RECORD SET
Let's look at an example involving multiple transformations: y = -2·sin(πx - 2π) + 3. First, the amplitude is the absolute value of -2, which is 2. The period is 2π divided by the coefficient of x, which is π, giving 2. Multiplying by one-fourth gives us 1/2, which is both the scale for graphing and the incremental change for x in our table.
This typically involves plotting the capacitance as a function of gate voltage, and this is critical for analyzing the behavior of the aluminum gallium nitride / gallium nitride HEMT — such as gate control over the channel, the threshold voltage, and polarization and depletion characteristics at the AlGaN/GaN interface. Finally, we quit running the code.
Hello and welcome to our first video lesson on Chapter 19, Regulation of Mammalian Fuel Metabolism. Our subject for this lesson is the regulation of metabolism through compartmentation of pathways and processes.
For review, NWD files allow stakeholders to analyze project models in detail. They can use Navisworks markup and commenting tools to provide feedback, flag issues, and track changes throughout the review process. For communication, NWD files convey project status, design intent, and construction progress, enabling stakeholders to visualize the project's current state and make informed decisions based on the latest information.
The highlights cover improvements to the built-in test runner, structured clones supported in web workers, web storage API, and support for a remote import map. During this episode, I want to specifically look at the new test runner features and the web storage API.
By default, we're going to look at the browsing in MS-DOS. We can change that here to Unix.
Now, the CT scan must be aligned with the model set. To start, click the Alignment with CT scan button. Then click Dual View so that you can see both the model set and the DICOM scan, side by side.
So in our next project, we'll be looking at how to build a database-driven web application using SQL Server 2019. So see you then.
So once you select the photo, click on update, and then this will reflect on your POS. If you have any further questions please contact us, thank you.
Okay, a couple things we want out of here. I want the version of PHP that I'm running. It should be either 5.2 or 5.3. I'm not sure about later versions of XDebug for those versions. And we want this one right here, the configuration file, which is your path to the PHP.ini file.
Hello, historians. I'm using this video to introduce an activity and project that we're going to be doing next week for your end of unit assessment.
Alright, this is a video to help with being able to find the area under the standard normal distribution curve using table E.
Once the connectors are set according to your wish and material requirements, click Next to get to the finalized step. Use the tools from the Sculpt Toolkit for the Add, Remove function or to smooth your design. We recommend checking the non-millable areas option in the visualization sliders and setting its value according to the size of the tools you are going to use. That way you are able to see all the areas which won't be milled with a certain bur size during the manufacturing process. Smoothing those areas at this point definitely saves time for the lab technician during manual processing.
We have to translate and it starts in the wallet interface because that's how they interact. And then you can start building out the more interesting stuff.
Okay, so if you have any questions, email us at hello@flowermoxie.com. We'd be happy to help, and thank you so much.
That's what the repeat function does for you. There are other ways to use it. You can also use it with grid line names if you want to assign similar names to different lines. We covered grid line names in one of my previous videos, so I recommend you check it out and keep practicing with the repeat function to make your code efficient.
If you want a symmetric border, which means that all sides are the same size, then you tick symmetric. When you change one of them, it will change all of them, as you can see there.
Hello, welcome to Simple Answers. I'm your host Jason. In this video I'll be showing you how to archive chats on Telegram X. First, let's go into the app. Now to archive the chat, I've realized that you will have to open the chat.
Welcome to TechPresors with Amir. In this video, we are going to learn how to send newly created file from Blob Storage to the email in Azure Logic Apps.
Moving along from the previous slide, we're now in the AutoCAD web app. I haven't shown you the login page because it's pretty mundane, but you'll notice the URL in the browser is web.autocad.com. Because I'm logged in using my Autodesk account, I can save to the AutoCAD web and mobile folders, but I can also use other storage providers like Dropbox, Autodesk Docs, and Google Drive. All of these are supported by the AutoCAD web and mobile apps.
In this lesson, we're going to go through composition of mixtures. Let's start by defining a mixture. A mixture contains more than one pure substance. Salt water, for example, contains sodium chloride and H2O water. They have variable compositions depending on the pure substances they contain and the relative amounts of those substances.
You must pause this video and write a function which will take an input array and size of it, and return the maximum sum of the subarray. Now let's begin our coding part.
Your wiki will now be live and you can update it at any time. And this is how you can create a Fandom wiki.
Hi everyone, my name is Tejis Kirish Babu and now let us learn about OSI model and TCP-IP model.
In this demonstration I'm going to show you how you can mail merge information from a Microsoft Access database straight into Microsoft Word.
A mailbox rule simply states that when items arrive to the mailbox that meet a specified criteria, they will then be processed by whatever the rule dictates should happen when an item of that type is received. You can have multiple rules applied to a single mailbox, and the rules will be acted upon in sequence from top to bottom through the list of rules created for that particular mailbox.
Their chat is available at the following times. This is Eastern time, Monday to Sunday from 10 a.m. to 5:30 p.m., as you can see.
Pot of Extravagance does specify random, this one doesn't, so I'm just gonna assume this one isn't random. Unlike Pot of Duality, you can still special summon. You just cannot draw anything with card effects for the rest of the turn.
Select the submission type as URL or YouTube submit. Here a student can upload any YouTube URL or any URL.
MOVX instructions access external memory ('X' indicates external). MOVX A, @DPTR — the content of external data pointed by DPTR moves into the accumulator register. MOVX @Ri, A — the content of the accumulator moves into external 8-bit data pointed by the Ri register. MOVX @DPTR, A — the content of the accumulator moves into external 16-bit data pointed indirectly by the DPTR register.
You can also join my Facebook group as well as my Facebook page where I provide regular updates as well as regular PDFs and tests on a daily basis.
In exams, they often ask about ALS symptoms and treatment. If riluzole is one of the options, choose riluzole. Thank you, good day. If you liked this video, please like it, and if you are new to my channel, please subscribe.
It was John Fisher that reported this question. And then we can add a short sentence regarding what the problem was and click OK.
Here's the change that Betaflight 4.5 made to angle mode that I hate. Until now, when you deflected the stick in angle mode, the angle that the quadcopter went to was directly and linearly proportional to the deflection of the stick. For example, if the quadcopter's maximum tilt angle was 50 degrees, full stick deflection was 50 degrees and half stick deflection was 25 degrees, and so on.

WHAT YOU WILL DO
Write out exactly the lines between the start of the entries and the line containing "For review, NWD", including that line and the first one.

EXERCISE SOLUTION
Let's look at an example involving multiple transformations: y = -2·sin(πx - 2π) + 3. First, the amplitude is the absolute value of -2, which is 2. The period is 2π divided by the coefficient of x, which is π, giving 2. Multiplying by one-fourth gives us 1/2, which is both the scale for graphing and the incremental change for x in our table.
This typically involves plotting the capacitance as a function of gate voltage, and this is critical for analyzing the behavior of the aluminum gallium nitride / gallium nitride HEMT — such as gate control over the channel, the threshold voltage, and polarization and depletion characteristics at the AlGaN/GaN interface. Finally, we quit running the code.
Hello and welcome to our first video lesson on Chapter 19, Regulation of Mammalian Fuel Metabolism. Our subject for this lesson is the regulation of metabolism through compartmentation of pathways and processes.
For review, NWD files allow stakeholders to analyze project models in detail. They can use Navisworks markup and commenting tools to provide feedback, flag issues, and track changes throughout the review process. For communication, NWD files convey project status, design intent, and construction progress, enabling stakeholders to visualize the project's current state and make informed decisions based on the latest information.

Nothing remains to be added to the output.